Discovery and Legal Proceedings

The extent of the data disclosure and its potential illegality first came to light through reporting by The Washington Post. Citing sources familiar with the matter, the newspaper indicated that the data sharing appeared to breach legal safeguards for taxpayer data and had only recently been uncovered.

The IRS later confirmed aspects of The Washington Post‘s reporting in a court filing earlier in February. In a sworn declaration, Dottie Romo, the agency’s chief risk and control officer, stated that the IRS had indeed shared confidential taxpayer information even when DHS lacked sufficient data to positively identify specific individuals. This admission was a pivotal moment in the litigation.

Judge Kollar-Kotelly highlighted the significance of Romo’s declaration in her ruling. She stated that the declaration not only corroborated the court’s finding of IRC Section 6103(i)(2) violations due to the disclosure of thousands of addresses without proper address verification but also revealed that the IRS had provided this sensitive information in response to requests that the agency now admits were legally flawed.

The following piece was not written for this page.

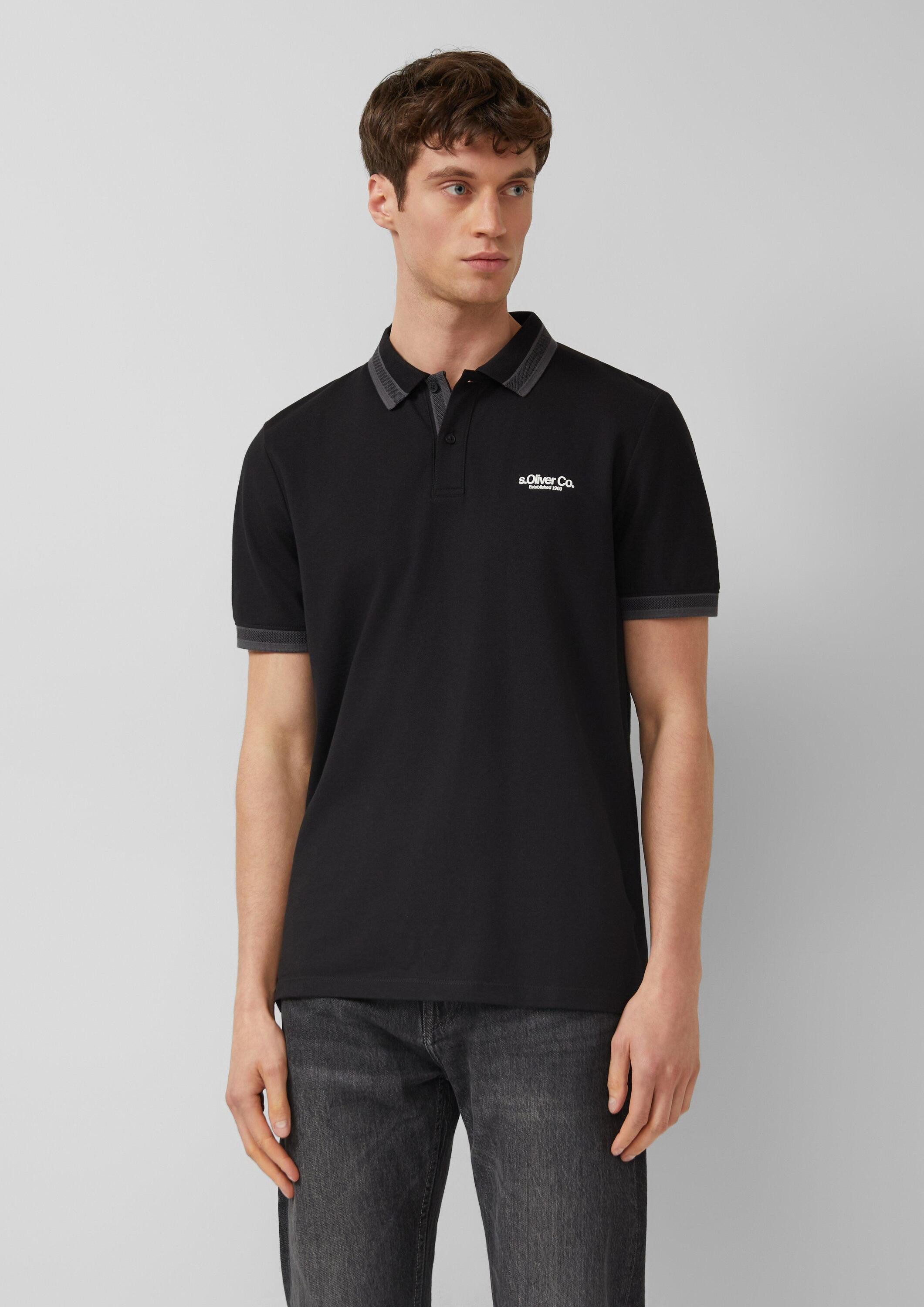 s.Oliver Kurzarmshirt Polo-Shirt Poloshirt aus Piqué mit Kontrast-Details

Broader Implications and Future Considerations

The federal judge’s ruling carries substantial implications for how government agencies can share sensitive personal information and for the privacy protections afforded to U.S. taxpayers. The decision underscores the importance of strict adherence to legal protocols, even in the context of national security and immigration enforcement.

For the IRS, the ruling necessitates a re-evaluation of its data-sharing protocols with other government entities. The agency will likely need to implement more robust verification mechanisms to ensure compliance with federal law, particularly concerning the release of personally identifiable information. This could involve enhancing automated checks, increasing human oversight, or modifying the criteria for accepting and processing data requests from partner agencies.

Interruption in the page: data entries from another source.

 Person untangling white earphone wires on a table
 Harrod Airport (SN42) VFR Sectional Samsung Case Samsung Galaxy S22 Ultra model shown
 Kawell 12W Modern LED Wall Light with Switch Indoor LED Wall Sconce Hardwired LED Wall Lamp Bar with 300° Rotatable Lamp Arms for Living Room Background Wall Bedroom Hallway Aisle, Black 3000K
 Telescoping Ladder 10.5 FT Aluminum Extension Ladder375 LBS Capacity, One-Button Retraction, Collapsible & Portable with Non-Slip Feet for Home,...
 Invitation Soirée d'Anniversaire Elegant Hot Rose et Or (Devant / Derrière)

For ICE and DHS, the decision serves as a stark reminder of the legal boundaries governing their investigative practices, especially when leveraging data from other federal departments. The ruling suggests that broad data access without meticulous individual identification and address verification is not permissible under current law.

Immigrant advocacy groups, who have consistently raised concerns about the potential for such data-sharing agreements to lead to increased surveillance and targeting of immigrant communities, may view this ruling as a victory. It reinforces their arguments that these agreements can have a chilling effect on individuals and may lead to a erosion of trust between the public and government institutions.

The legal challenge was initiated by the Center for Taxpayer Rights, an organization dedicated to advocating for taxpayer privacy and fair treatment. Their lawsuit aimed to halt what they perceived as an unlawful expansion of government surveillance capabilities through the misuse of confidential tax data.

The IRS and DHS have not yet issued a detailed public response to the judge’s ruling, beyond the admissions made in court filings. However, it is expected that the agencies will need to address the court’s findings and potentially revise their data-sharing policies and procedures to prevent future violations. The case highlights a critical tension between the government’s need for information to enforce laws and the fundamental right to privacy that is enshrined in legal protections for taxpayer data. The outcome of this litigation could set a precedent for future data-sharing agreements between federal agencies, emphasizing the paramount importance of lawful data handling and the safeguarding of personal information.